For a horse who was advertised to stand at just $12,500 in 2016, Street Boss has done commendably to sire at least one top-class horse in each of his first three Northern Hemispher crops. From his initial runners came the King’s Bishop Stakes (gr. I) scorer, Capo Bastone; Danza, who took the Arkansas Derby (gr. I) and finished third in the Kentucky Derby Presented by Yum Brands (gr. I) was a member Street Boss’s second crop; and from the third came Holy Boss, who established him as one of the best three-year-old sprinters of 2014, with a win in the Amsterdam Stakes (gr. II), and a third in the King’s Bishop Stakes (gr. I). Street Boss’s fourth crop is now three, and it has now already yielded five stakes winners, the most recent of which is Cathryn Sophia, who took her record to five wins in six starts when taking the Kentucky Oaks (Gr. I)
Street Boss is by Street Cry, a horse with a turf pedigree, who never ran on grass, and who debuted like a sprinter at two, but ended up earning a Horse of the Year title at four, after capturing the Dubai World Cup (gr. I) and Stephen Foster Handicap (gr. I). At stud, Street Cry sired group and grade one winners from five furlong to two miles and at almost every distance in between, among them U.S. Champions Zenyatta and Street Sense.

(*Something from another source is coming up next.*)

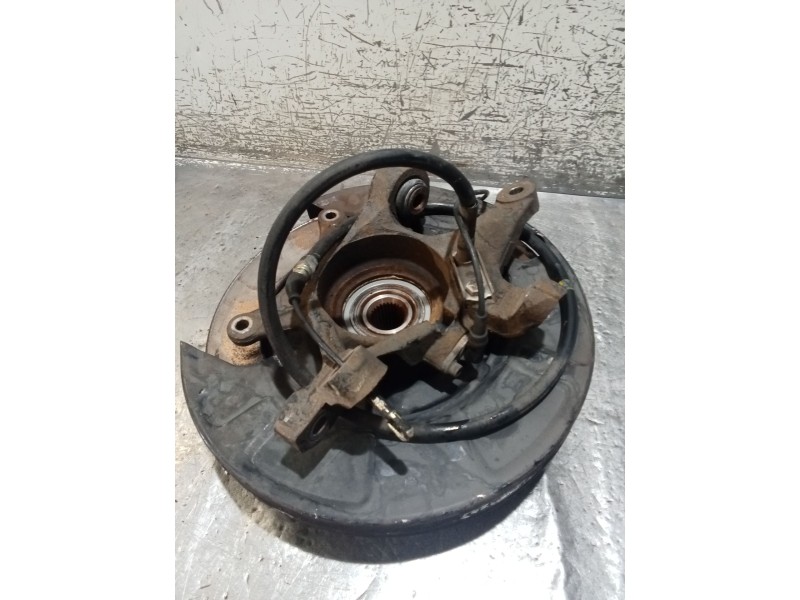 Recambio de mangueta trasera derecha para ssangyong rodius i 2.7 xdi referencia OEM IAM   05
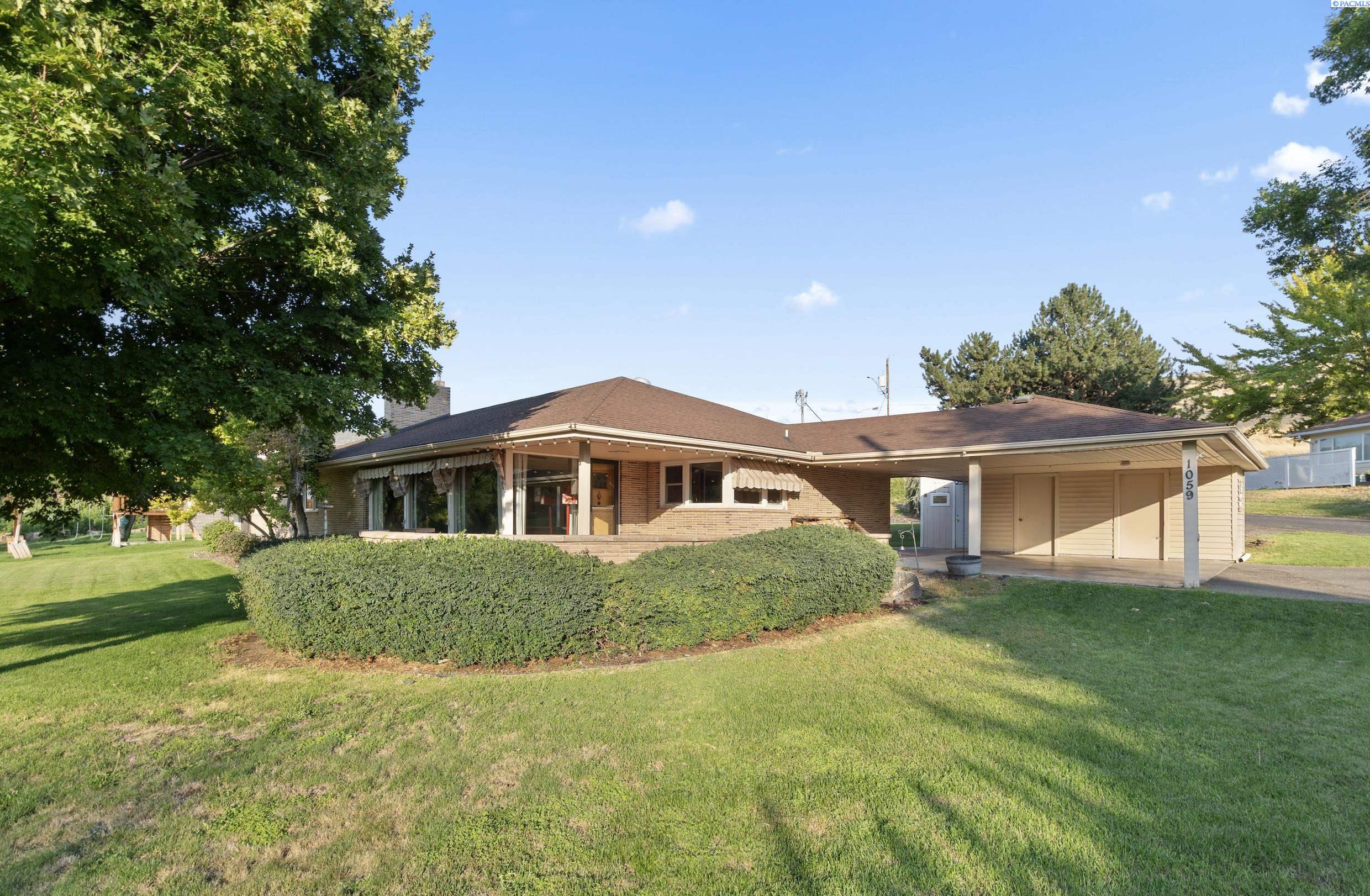 1059 Parker Ct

If Street Cry’s background has its contradictions, the distaff side Street Boss’s pedigree is verging on the schizophrenic. Street Boss’s dam is by Ogygian – a brilliant but unsound dirt miler – out of black-type placed Fruhlingshochzeit, a French-raced daughter of Blushing Groom. The third dam, Fruhlingstag, was runner-up in the French 1,000 Guineas (gr. I), and was by the German stallion, Orsini II, from a Marcel Boussac family. It would be hard to have predicted from this background what type of racehorse, Street Boss would be, but the answer was an outstanding sprinter on the all-weather, where he took three graded stakes at four, including the Triple Bend (gr. I) and Bing Crosby Handicaps (gr. I).

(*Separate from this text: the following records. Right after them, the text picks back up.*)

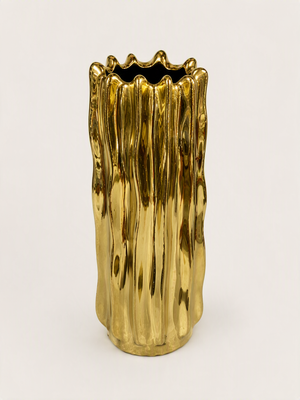 Vase sculptural doré à ouverture organique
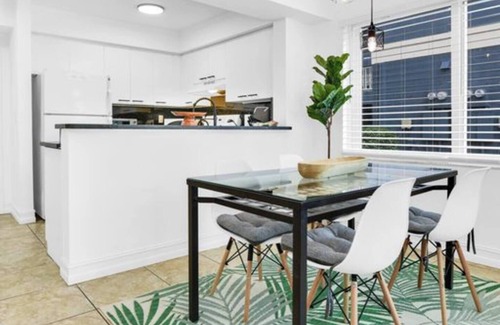 Mission Bay Apartment | This apartment is a 2 bedroom(s), 2 bathrooms, located in Boca Raton, FL.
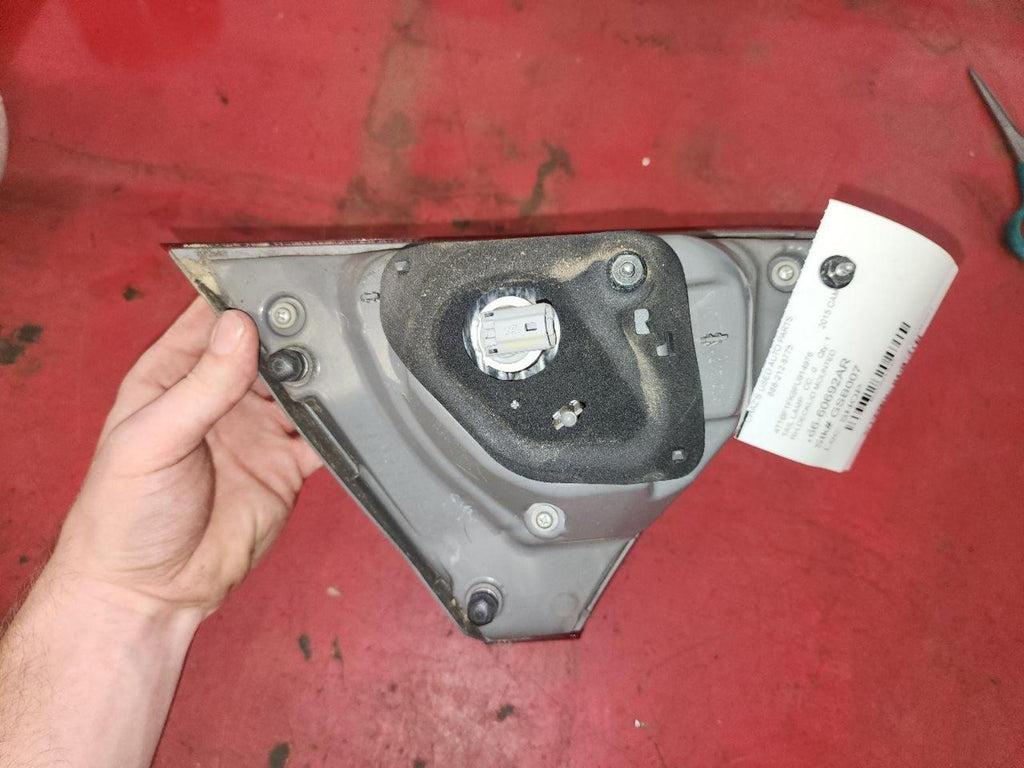 TOYOTA CAMRY R Taillight decklid mounted, R. 15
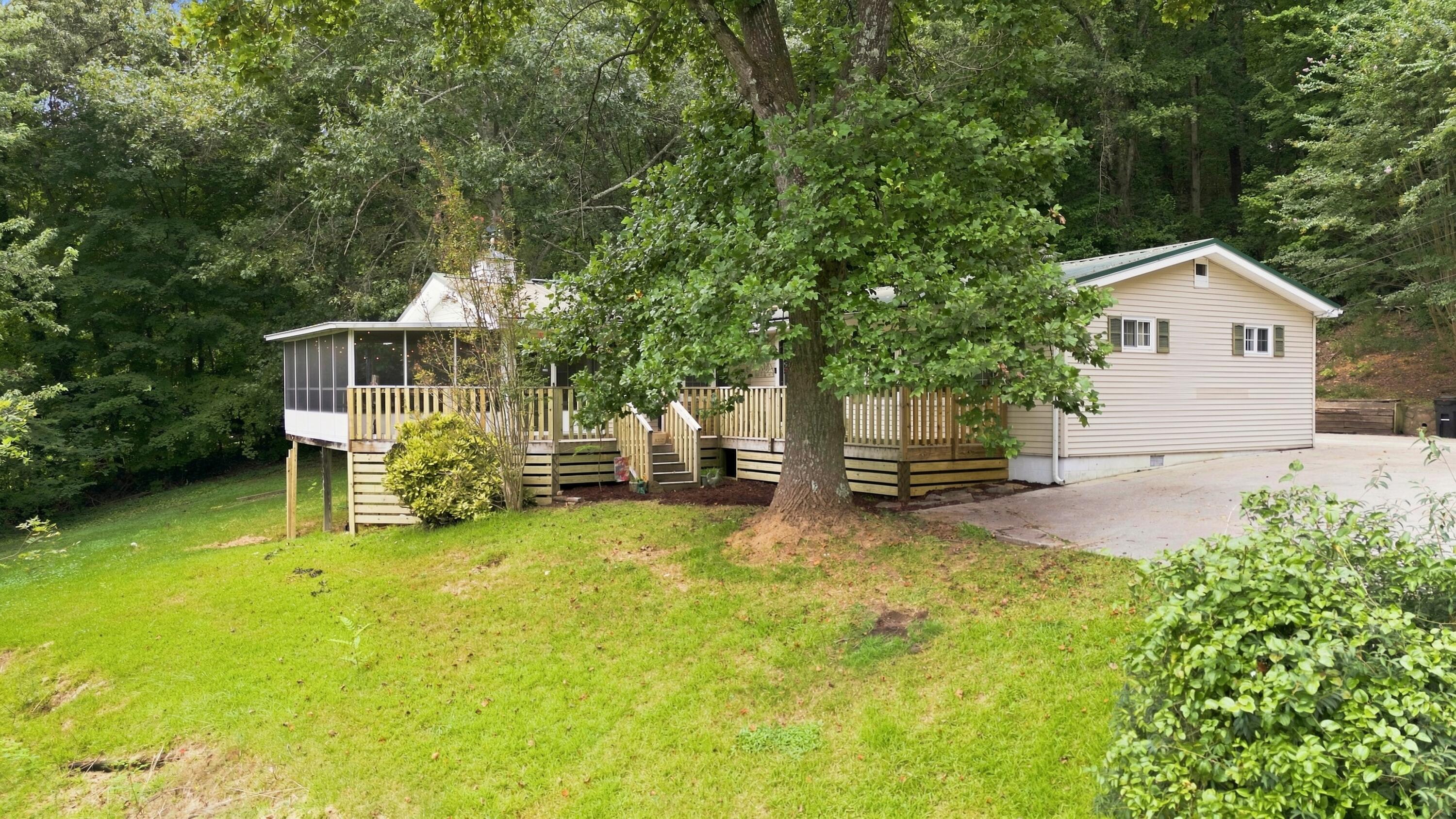 224 W Walden Circle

Some of Street Cry’s versatility as a stallion seems to have been transmitted to Street Boss, as he has already had graded stakes winners on dirt, turf and all-weather surfaces, and from five to nine furlongs. Her pedigree suggests that Cathryn Sophia may always be at her best on the dirt, the distaff side of her pedigree always hinted at the potential to stretch. Her dam, Sheave, was unraced, but is a daughter of Mineshaft, the second dam, Unbridled’s daughter, Belterra, won the Golden Rod Stakes (gr. II) at 8½ furlongs, and took third in the Ashland Stakes (gr. I), a position emulated by Cathryn Sophia when she prepped for the Oaks in the same race. Belterra is also dam of the minor stakes winner Take The Odds, a daughter of another Street Cry sire in Street Sense.
As might have been anticipated by his ecletic pedigree, Street Boss has worked with a wide range of bloodlines. There are, however, some interesting patterns in Cathryn Sophia’s background. Firstly, Her male-line ancestor Machiavellian (grandsire of Street Boss) is by Mr. Prospector with a second dam by Hoist the Flag, where Cathryn Sophia’s broodmare sire, Mineshaft is out of Prospector’s Delite, who is by Mr. Prospector out of a Hoist the Flag mare. Street Boss’s own broodmare sire, Ogygian, is out of a half-sister to the dam of Fappiano (whose son, Unbridled, sired the second dam of Cathryn Sophia).